= Exercise prompt =
Using the listing below, give again exactly the lines from the line with "iPhone SE 第3世代" to the line with "1/72 WWII German", inclusive, without the pictures.

= Records supplied =

[Start of section]

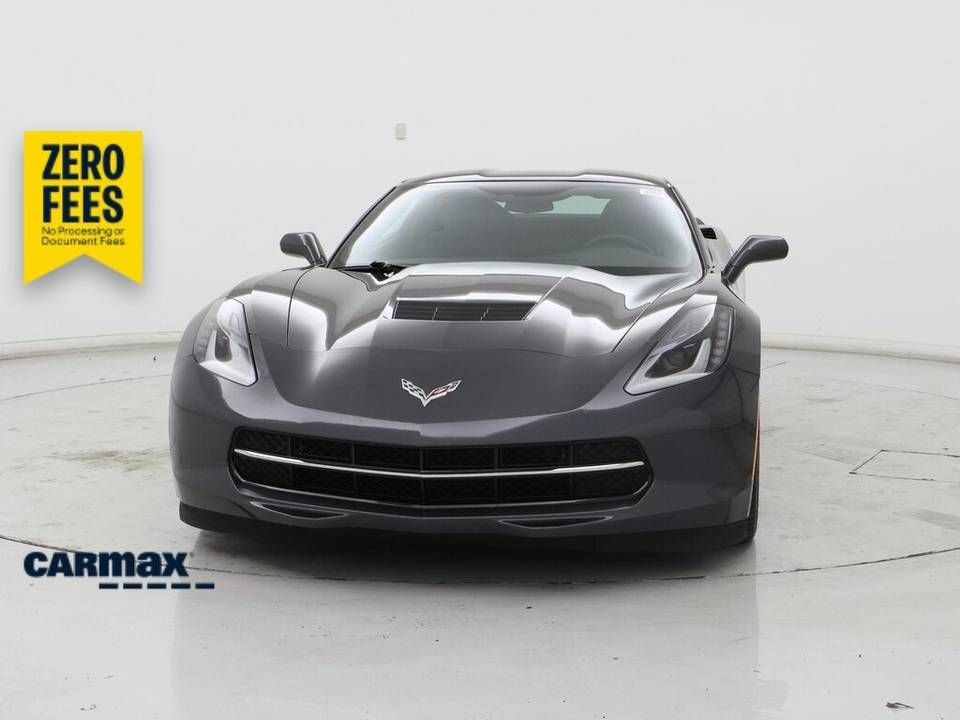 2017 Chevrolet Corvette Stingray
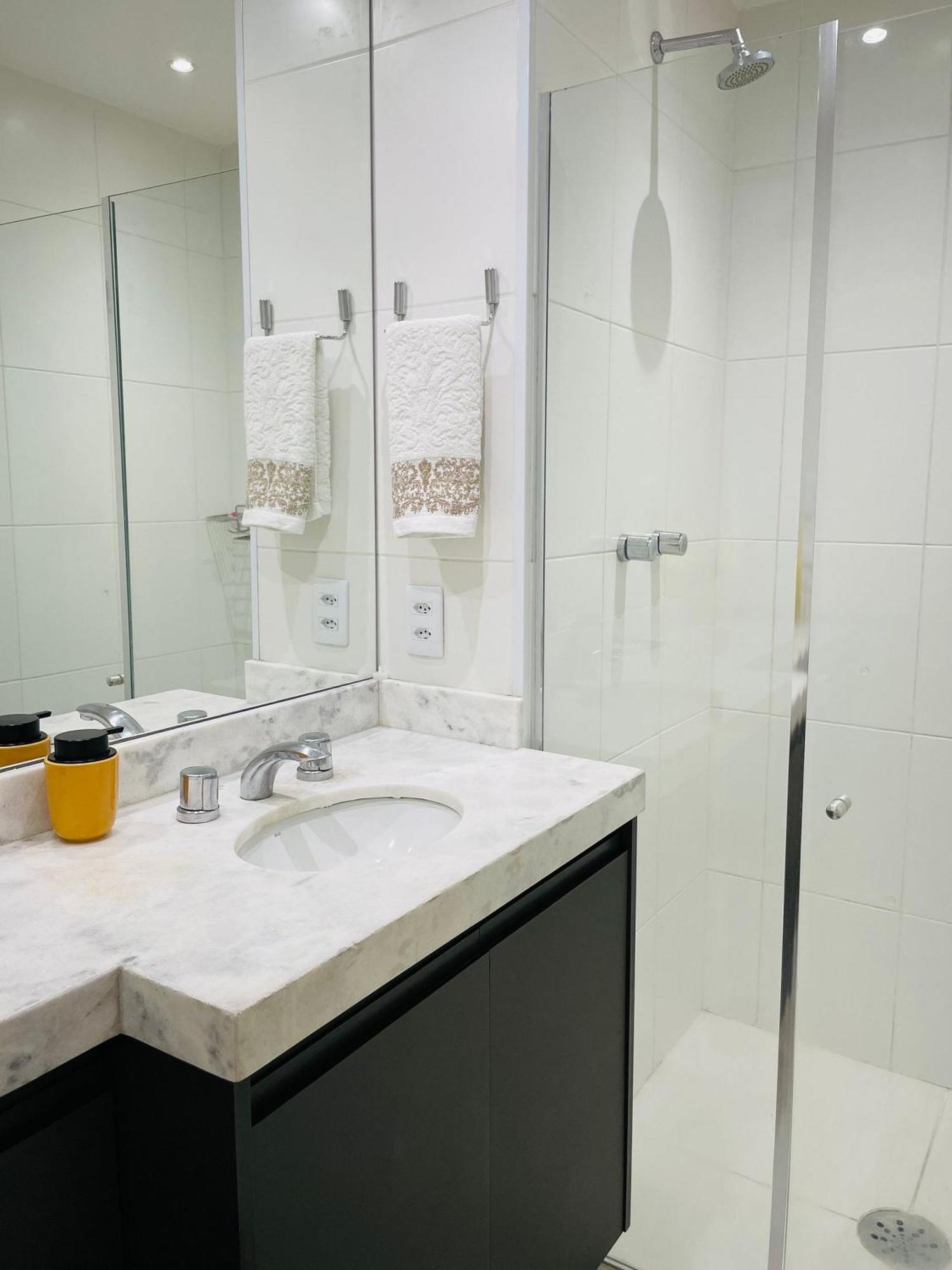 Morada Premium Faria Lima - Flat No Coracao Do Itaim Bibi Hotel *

[End of section]
[Start of section]

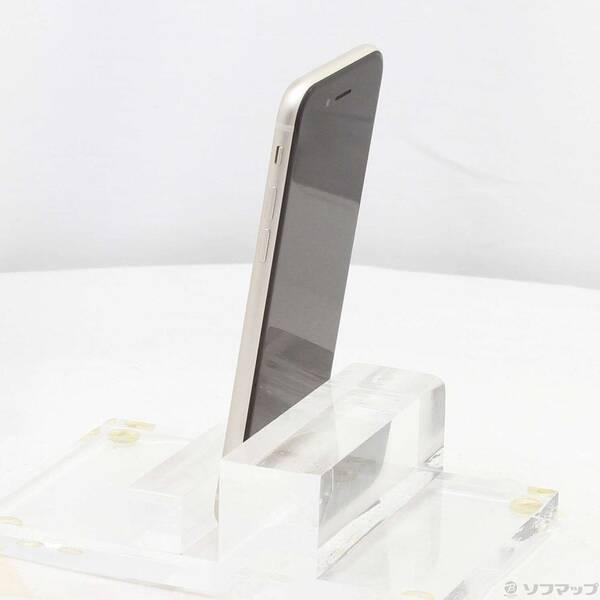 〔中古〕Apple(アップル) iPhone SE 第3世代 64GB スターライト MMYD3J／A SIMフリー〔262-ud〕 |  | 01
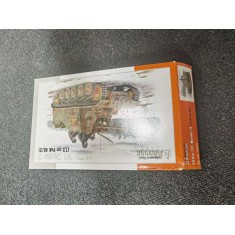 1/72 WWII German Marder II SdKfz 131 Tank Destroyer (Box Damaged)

[End of section]

= Completed exercise =
 〔中古〕Apple(アップル) iPhone SE 第3世代 64GB スターライト MMYD3J／A SIMフリー〔262-ud〕 |  | 01
 1/72 WWII German Marder II SdKfz 131 Tank Destroyer (Box Damaged)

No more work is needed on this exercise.